I feel that I have an opportunity to offer a valuable experience and have two types of groups to offer workshops to in mind.
Love the “creative goddess”
What do I love most about AWA? EVERY SINGLE ONE of the principles and practices of the Method. But that’s probably too abstract, so I’m going to focus on just two linked items from Mary’s list: it’s the principle that “Writing as an art form can be learned without damage to a writer’s original voice or artistic self-esteem,” and the practice “Craft is an integral part of the AWA workshop. Our responses are about the craft being used in the writing.” These two items from those lists maybe get the least fanfare, but over time I have seen them pay huge writerly dividends over and over. A writer can come into an AWA workshop with no history of being in writing workshops, no formal knowledge at all–just bringing your own original voice. Maybe “your kitchen table voice” as Pat loved to call it — ie, the voice you learned as a child at your family’s kitchen table. And through participating in the workshops – listening carefully to the other writers words, and then to the feedback that they get and the feedback you get, there’s an informal but powerful submersion in the many, many elements of craft. The strengths that your writing and your voice already have are celebrated, you begin to believe in the value of your own words and the way you write them. And then you begin to make more conscious choices about the craft elements available to you. Your writing skills expand outward gently, not because of the explosion of criticism, but because of the gentle nurturing.
What I love about AWA
I love that by embracing the affirmations and the practices, it grounds a writing group, and allows us to more fully embrace our own writing and the writings of others. I love that they are essential and not loosely held suggestions. I love that they are upheld with the utmost kindness. I love how it transforms a group and an hour into something of beauty. I love the enthusiasm of the people and facilitators I’ve written with!

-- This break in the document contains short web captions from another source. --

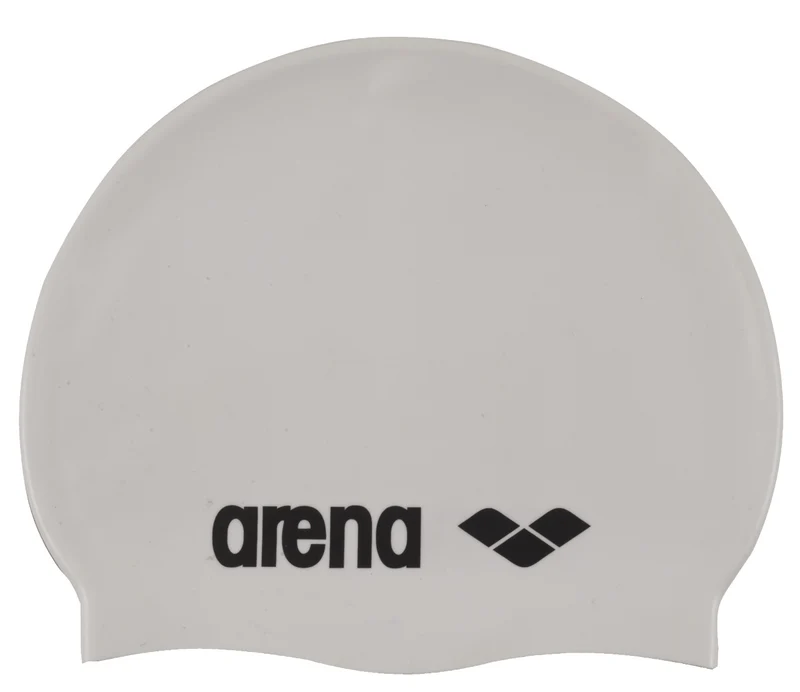 Arena Silikonkappe Classic Standardfarben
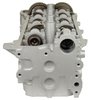 Remanufactured Cylinder Head for 1991-1997 Toyota Previa with 2.4L L4 2TZF - image 3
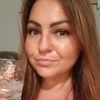 Liz Quinn psillos - @supermom1001 - Poshmark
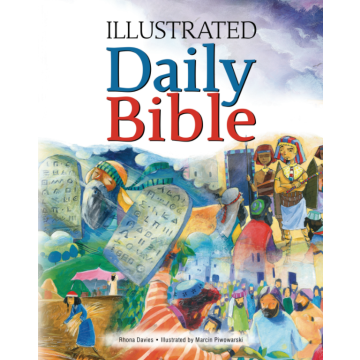Adventist Book Center Online - Adventist Books, Music and Media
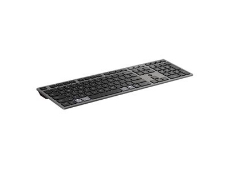 Slika HP 725 Multi Rchrgbl WLS B KB/MSE SmartBuy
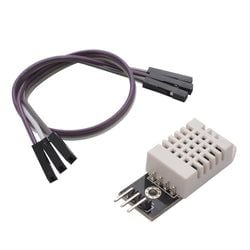 Similar-Products – DHT22 AM2302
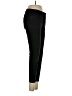 STS Blue Stripes Black Jeans Size 27 waist - photo 4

Writing is an art form that belongs to all people…
What came to mind is the resistance I hear so often to this idea. In my write, this idea emerged…
And today, I’ll hear people tell me that they are not writers, they have nothing to say, and they. for all intents and purposes, disappear themselves, as if they are trying to beat to the chase someone else who is ready to erase them.

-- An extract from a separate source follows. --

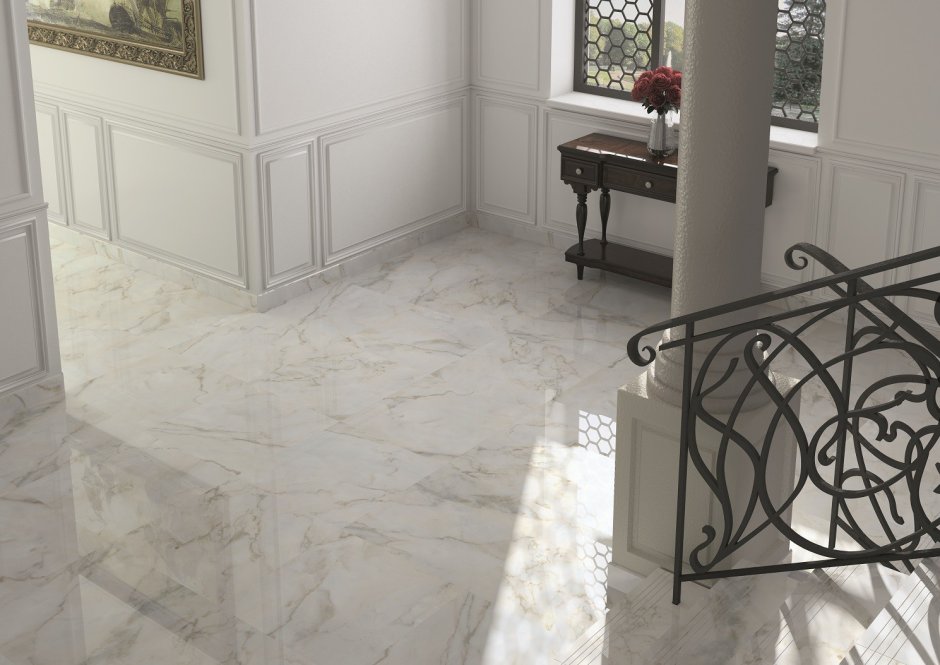 Плитка Arcana Marble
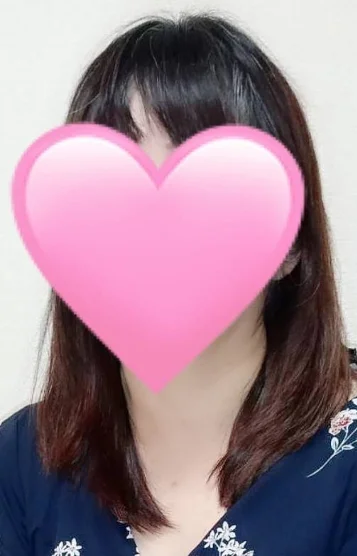 あかり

as if they are trying to beat to the chase someone else who is ready to erase them.
Oh, Diane, I love that!!
I am so moved by the last paragraph. The silence and invisibility that comes with denying our writerly self. “… as if they are trying to beat to the chase some else who is ready to erase them” will stay with me. Thank you, Diane.
What I love about AWA and what stays with me is the newest addition to the AWA principles, “how we listen.” What resonates with me is “Deep Listening” … To go deep into another’s writing, leaving our bias and preconceived notions and our own stories behind, and entering into the universe of the narrator … to let the speaker’s voice touch us — to listen with more than our ears … to go deeper than mere hearing … perhaps in a world than needs to strive to listen to understand this is an essential practice … to listen …to be moved/to have a new perspective dawn on us or a new universe open to us/to boldly go where we have never gone before/or to enter into familiar territory but in another’s voice/ to practice listening with an open heart, an open mind/ to listen for craft elements/to listen for what resonates and stays with us/ we can immerse in words/writing/what a speaker is telling us and in what ways … We learn by listening …
What I love about AWA is the guideline that we treat all writing as story and art and we respond to the writing, never assuming that the writing comes from the life of the writer. This creates a kind of psychological cushion that allows brave writing, tender topics, risk taking and vulnerability, especially for memoir and other personal writing.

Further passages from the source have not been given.